I grew up in the 80s, and MTV was at the center of it all. From its inception in 1981 when I was in middle school, straight through my high school graduation in 1987, the original MTV VJs were a fixture in my day-to-day existence. When I Want My MTV came out in late 2011, I devoured it and mentioned to a friend how much I loved it—only to discover she worked there in the early days and knew the original VJs were also working on a book.
WHAT ?!?! A girl can never get too much 80s gossip. And then the friend one-upped the anticipation factor with “I can connect you with Alan Hunter if you’d like to talk to him.” Um, YES. Please. After all, Martha Quinn was the girl every girl wanted to be, Nina Blackwood was the girl every girl secretly wished they could be, J.J. Jackson was the guy we all wanted to be our big brother, Mark Goodman was the guy we all wanted to lose our virginity to and Alan? Alan was the one we wanted to be our boyfriend. Because he was cute and funny and cute and funny and safe to take home to our parents.
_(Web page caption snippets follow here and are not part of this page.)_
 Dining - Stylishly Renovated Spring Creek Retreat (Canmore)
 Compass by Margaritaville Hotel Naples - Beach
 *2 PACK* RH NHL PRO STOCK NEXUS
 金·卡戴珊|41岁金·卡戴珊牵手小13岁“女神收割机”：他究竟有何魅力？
And y’all know what our parents would have thought if we brought Mark home.
So there I was, waiting in a Starbucks for Alan Hunter. And ladies, he’s still a cutie pie. But moreover, he’s smart. And engaging. And means well. “VJ: The Unplugged Adventures of MTV’s First Wave” isn’t so much salacious gossip as it is a piece of the puzzle that was the 80s—once a decade that was mocked for its superfluous nature and now coming into its nostalgic own.
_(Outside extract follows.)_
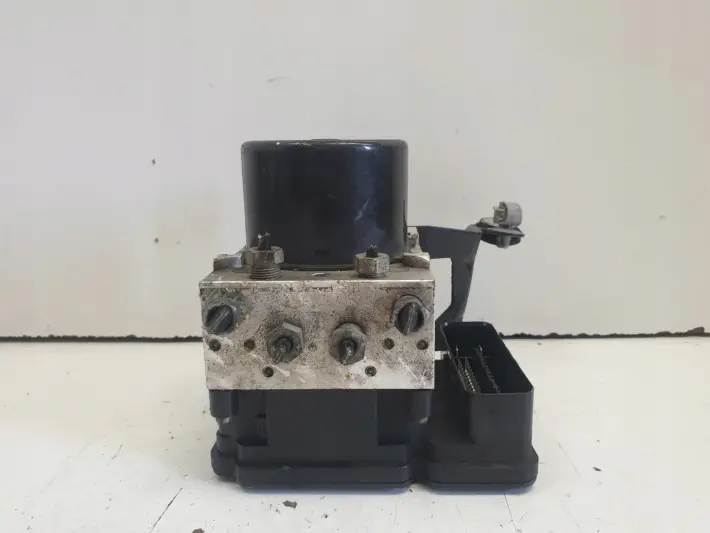 Volvo V70 III S80 II POMPA ABS hamulcowa 31329139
“I wanted it to be a time capsule,” says Hunter. “We started getting getting inquiries about movies of the week, and with the 30th anniversary approaching, I had started to develop a screenplay. I’m kind of the ringleader of the four of us.” (J.J. Jackson passed away in 2004.) After prodding from higher-ups to write a book first, he finally was able to nail down the original VJs, snagged a great writer in Gavin Edwards and procured a publisher (Simon and Schuster).
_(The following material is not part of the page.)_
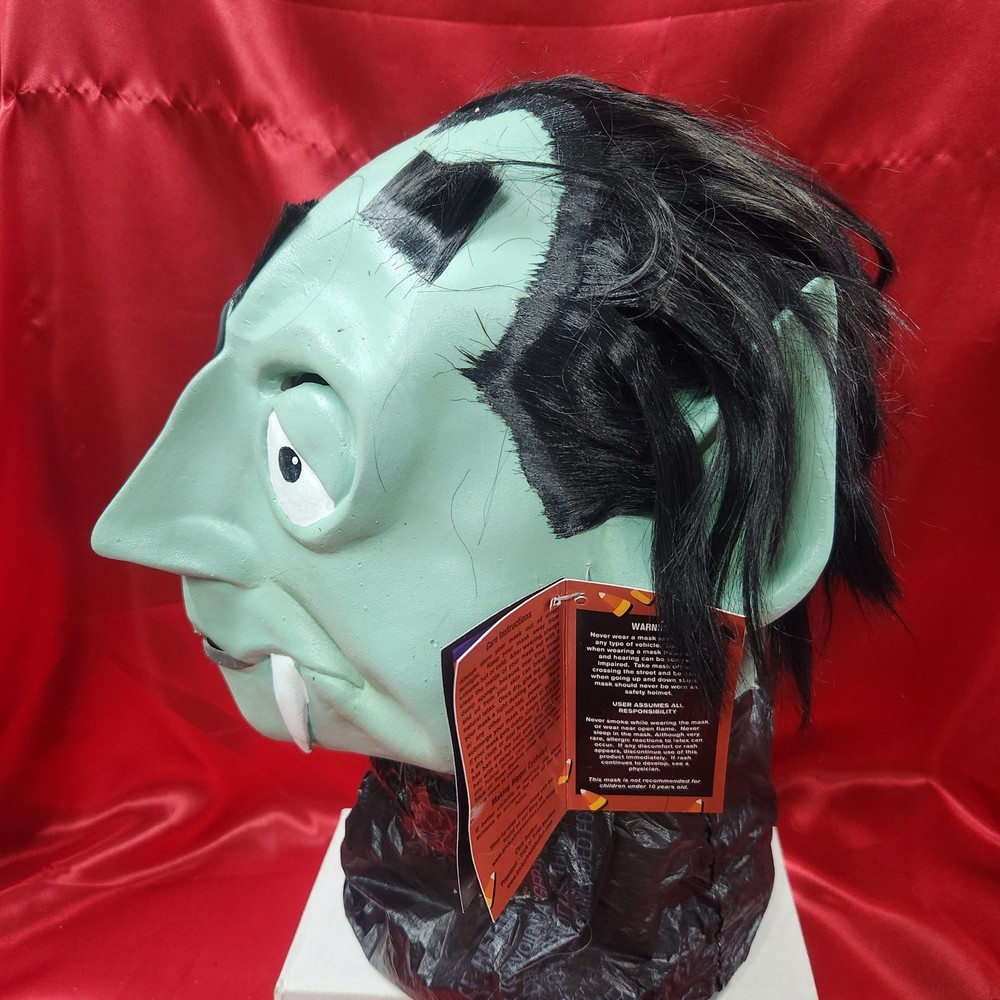 Mad Monster Party - Count Mask - Trick or Treat Studios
Of the differences between this book and “I Want My MTV,” Hunter says, “Ours is just more a personal point of view. We had a different strategy altogether. We’re not a competitor and not a companion …we didn’t want to be cheesy, we didn’t want to tell a tale …. we wanted to tell a story that was contextual.”
And that it is—those who lived through the 80s will likely find the most to appreciate in the book, as the MTV VJs share how they first were hired (some were chosen for their gravitas, while others had that je ne sais quoi), the joy in having actual money to spend on rent and clothes, the surreal factor at going from being essentially anonymous to doing blow with some of the biggest bands in the biz, and witnessing a cultural evolution firsthand. Because really, until there was MTV, it was just the music that mattered. And now it’s so much more.
“Before MTV, {bands} would do their live gigs and after the show, they could enjoy anonymity. After MTV, they were mobbed everywhere. The image became very important and people were watching nothing else,” says Hunter.
And if you want to skip straight to the end to see if they’re all still close, the answer is yes. In fact, I mentioned to Alan I was relieved he and Goodman are such good friends, given the first part of the book includes Goodman recalling his music snobbery and indignance with lesser prepared VJs. The triumph, the tragedy and the five-figure haircuts—it’s all there, and it’s delicious. It’s also a wonderful, insightful peek into the decade that defined me and so many of my friends. Bangles, big hair and fishnet stockings forever, my friends!